Combine and conquer: representation learning from multiple data distributions (Talk)
It is becoming less and less controversial to say that the days of learning representations through label supervision are over. Recent work discovers that such regimes are not only expensive, but also suffer from various generalisation/robustness issues. This is somewhat unsurprising, as perceptual data (vision, language) are rich and cannot be well represented by a single label --- doing so inevitably result in the model learning spurious features that trivially correlates to the label. In this talk, I will introduce my work during my PhD at Oxford, which looks at representation learning through multiple sources of data, e.g. vision and language. We show in both generative models (VAE) and discriminative models that learning to extract common abstract concepts between multiple modalities/domains can result in higher-quality and more generalisable representations. Additionally, we also look at improving the data-efficiency of such models, both through 1) using less multimodal pair by adopting contrastive-style objectives and 2) "generating" multimodal pair via masked image modelling.

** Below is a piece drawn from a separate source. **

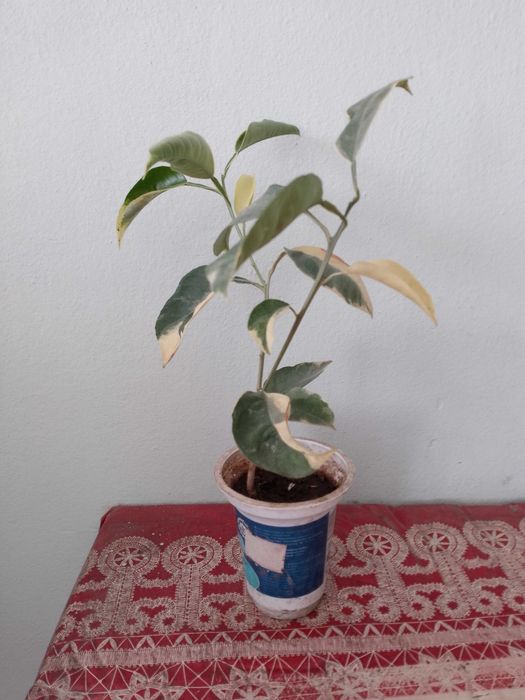 Апельсиновое дерево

Biography: Yuge Shi is a DPhil student at University of Oxford, supervised by Philip Torr and Siddharth Narayanaswamy. Her research focuses on representation learning through multiple sources of perceptual data (e.g. vision, language), with application to classic machine learning problems such as self-supervised learning, semi-supervised learning and domain generalisation. She also co-founded the GirlsWhoML organisation which aims at providing free workshops on machine learning and coding for those who identify as female/non-binary and served on the Oxford Women in Computer Science society as core committee member for three years.